The accurate diagnosis of malignant SCSTs is still a challenge. We retrospectively analyzed the MRI texture features of 69 cases, and used t-test, one-way ANOVA, the Mann-Whitney U-test and ROC curve to evaluate these parameters. The results showed that the derived texture parameters may be valuable tool in predicting malignant SCSTs.

Introduction and Purpose

Different types of SCSTs have different treatment options and clinical prognostic outcomes, so accurate preoperative diagnosis is important1. However, the appearance of different types of SCSTs on conventional images overlaps2,3, and this assessment is usually subjective, which may result in differences based on radiologists, experience and expertise. Therefore, quantitative index to accurate diagnosis and achieve consensus are of great importance. Texture analysis evaluates the spatial distribution of signal intensities, which may have the potential to give more comprehensive information and reflect tumor heterogeneity. It has been successfully applied to the lesions of the brain, thyroid, breasts, lungs, heart, liver, kidneys, and prostate (4-6).
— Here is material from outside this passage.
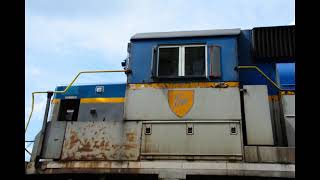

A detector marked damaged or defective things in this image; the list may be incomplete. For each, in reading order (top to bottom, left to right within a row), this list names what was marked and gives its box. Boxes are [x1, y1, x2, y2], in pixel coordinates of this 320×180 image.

Hence, our study aims to explore the diagnostic value of texture features of multiparametric MRI in malignant SCSTs.

Materials and Methods

This retrospective study included 57 benign SCSTs in 54 patients and 12 malignant SCSTs in 12 patients. 19 patients with 19 benign SCSTs, and 5 patients with 5 malignant SCSTs underwent MRI examinations on 1.5T systems (Optima 360, GE Healthcare, Milwaukee, WI, USA), while 35 patients with 38 benign SCSTs, and 7 patients with 7 malignant SCSTs underwent MRI examinations on 3T systems (1. MAGNETOM Prisma, Siemens Healthcare, Erlangen, Germany; 2. SIGNA Pioneer, GE Healthcare, Milwaukee, WI, USA; 3. Discovery 750, GE Healthcare, Milwaukee, WI, USA; 4. Achieva TX, Philips HealthCare, Best, Netherlands). The MR protocols included T2 weighted images with fat saturation (The parameters are shown in Table 1.) and diffusion weighted imaging (DWI) with two b-values (0 and 1000s/mm2). The ADC parametric maps were generated inline after data acquisition.
The texture analysis for the FS-T2WI, DWI images of b=1000 s/mm2, and ADC parametric maps were performed on a prototypic postprocessing software (MR Multiparametric Analysis, Siemens Healthineers, Erlangen, Germany). Four texture-based features (including entropy, and diff-entropy, diff-variance, contrast) were extracted based on the solid component (the region of interest avoided cystic degeneration or necrosis). Univariate analyses were performed by t-test or one-way ANOVA when normally distributed otherwise by the Mann-Whitney U test. In addition, logistic regression models were then run on the diagnostic features identified in the univariate analyses, and the receiver operating characteristic (ROC) curves were established to evaluate the value of texture features for the diagnosis of malignant SCSTs.

Results

Comparison of texture features between the benign and malignant SCSTs are shown in Table 2. Four texture-based features of FS-T2WI and ADC (including entropy, and diff-entropy, diff-variance, contrast),were obtained,respectively,both of them no differences (P>0.05), Four texture-based features of DWI had significantly differences. The results of the ROC analyses for diagnostic performance of texture features for malignant SCSTs are shown in Table 3, Fig.2. The sensitivity of DWI_diff-variance and DWI_contrast for diagnosing malignant SCSTs were 66.7%, and the specificity of those were 91.2% and 93.0%, respectively. And combining all DWI texture features resulted in a higher diagnostic power than the individual parameters to predict malignant SCSTs (AUC = 0.792, sensitivity 75.0%, specificity 87.7%, 95% CI = 0.630~0.955) (Fig.3).

Discussion and Conclusion

Our study found that Four texture-based features of DWI had the potential to predict malignant SCSTs, and the combination of all DWI texture parameters could achieve higher diagnostic power to predict malignant SCSTs. The DWI texture features may better reflect the heterogeneity of tumors,than the others.

Acknowledgements

We sincerely thank the participants in this study.

References

1.Shim SH, Kim DY, Lee SW, et al. Laparoscopic management of early-stage malignant nonepithelial ovarian tumors: surgical and survival out- comes. Int J Gynecol Cancer 2013; 23:249–255.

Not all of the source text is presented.